2
votes

Our datawarehouse is in Redshift (50TB size). Sometimes business users run big queries (too many joins, inline queries - generated by BI tools such as Tableau). Big queries slow database performance.

  1. It is wise to use Spark on top of Redshift to offload some of the computation outside Redshift?

  2. Or will it be easier and cost effective to increase Redshift computation power by adding more nodes?

  3. If I execute select a.col1, b.col2 from table1 a, table2 b where a.key = b.key in Spark. Tables are connected via JDBC and resides on Redshift, where does actual processing happen (in Spark or Redshift)?

1

1 Answers

4
votes

Any queries on the data stored in Amazon Redshift are performed by the Amazon Redshift nodes.
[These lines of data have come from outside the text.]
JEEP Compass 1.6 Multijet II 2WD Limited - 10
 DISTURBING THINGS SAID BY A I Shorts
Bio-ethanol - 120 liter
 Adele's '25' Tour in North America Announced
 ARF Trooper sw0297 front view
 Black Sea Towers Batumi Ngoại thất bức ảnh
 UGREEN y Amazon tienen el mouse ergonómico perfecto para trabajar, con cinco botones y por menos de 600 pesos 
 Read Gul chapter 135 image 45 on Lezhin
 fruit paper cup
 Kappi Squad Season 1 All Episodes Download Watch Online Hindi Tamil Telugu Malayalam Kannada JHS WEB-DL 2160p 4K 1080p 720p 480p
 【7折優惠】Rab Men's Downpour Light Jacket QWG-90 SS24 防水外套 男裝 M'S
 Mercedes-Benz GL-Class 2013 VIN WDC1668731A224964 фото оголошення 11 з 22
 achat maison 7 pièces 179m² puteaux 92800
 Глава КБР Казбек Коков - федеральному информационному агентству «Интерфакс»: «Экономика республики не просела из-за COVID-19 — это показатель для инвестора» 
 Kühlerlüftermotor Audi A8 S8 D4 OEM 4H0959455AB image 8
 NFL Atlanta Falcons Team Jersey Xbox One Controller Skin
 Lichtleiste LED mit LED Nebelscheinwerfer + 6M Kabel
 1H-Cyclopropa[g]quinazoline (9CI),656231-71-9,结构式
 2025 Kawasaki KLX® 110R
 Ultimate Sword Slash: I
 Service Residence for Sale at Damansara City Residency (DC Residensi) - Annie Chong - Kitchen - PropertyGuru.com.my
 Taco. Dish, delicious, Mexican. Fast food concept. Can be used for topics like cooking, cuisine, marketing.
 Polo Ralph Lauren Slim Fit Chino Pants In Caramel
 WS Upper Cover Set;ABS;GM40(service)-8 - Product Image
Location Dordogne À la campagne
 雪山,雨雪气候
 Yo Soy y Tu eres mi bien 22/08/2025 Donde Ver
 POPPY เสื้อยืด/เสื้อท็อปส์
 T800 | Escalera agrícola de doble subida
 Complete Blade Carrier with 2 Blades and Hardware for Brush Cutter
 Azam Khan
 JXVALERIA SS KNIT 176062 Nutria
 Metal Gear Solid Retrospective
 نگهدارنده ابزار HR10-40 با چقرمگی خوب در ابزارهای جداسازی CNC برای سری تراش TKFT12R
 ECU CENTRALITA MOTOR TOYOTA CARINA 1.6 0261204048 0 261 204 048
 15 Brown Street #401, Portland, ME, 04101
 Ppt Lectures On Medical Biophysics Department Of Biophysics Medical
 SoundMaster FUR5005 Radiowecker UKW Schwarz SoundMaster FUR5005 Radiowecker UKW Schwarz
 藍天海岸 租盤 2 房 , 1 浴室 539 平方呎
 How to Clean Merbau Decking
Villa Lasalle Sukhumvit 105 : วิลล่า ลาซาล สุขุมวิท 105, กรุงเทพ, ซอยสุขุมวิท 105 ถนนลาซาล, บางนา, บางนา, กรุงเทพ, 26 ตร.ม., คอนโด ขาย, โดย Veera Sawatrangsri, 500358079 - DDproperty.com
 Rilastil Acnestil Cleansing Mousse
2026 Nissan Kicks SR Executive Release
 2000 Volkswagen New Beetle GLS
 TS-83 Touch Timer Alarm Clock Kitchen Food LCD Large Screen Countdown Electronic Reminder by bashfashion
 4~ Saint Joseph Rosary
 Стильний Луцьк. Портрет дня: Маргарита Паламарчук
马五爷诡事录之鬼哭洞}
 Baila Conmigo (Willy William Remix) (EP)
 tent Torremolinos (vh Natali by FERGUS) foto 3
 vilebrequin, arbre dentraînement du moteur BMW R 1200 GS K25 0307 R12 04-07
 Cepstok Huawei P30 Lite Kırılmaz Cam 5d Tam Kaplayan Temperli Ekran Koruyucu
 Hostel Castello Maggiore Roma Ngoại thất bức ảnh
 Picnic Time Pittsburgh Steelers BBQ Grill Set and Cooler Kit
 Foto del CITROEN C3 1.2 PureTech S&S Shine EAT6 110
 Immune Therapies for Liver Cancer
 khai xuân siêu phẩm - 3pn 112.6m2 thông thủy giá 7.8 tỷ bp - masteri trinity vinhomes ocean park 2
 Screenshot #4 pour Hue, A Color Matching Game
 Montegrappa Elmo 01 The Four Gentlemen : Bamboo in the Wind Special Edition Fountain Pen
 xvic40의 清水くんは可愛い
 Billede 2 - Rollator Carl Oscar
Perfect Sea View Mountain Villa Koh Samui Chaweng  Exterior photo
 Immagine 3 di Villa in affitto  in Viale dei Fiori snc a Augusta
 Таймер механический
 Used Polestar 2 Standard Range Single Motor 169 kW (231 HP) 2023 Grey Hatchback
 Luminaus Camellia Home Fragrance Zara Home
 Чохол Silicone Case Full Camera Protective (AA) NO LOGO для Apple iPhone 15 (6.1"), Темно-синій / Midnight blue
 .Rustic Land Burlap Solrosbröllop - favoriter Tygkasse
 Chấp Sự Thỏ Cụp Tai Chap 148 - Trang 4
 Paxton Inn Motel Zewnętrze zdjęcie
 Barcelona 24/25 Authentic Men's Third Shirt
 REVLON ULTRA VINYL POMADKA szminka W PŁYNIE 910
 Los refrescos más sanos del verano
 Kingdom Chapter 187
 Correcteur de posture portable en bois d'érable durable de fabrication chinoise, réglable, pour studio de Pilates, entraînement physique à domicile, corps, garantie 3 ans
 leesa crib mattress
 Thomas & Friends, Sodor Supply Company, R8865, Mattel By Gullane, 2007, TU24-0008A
While Spark could make an external JDBC call, the SQL will be executed by Redshift.

There are many techniques to optimize Redshift query execution:

Start by looking at queries that consume too many resources and determine whether they can be optimized by changing the Sort Key, Distribution Key and Compression Encodings used by each table. Correct use of these parameters can greatly improve Redshift performance.

Then, if many users are running simultaneous queries, check whether it is worth improving Workload Management settings to create separate queues with different memory settings.

Finally, if performance is still a problem, add additional Redshift nodes. The dense compute nodes will offer better performance because they use SSD storage, but it is a higher cost per TB of storage.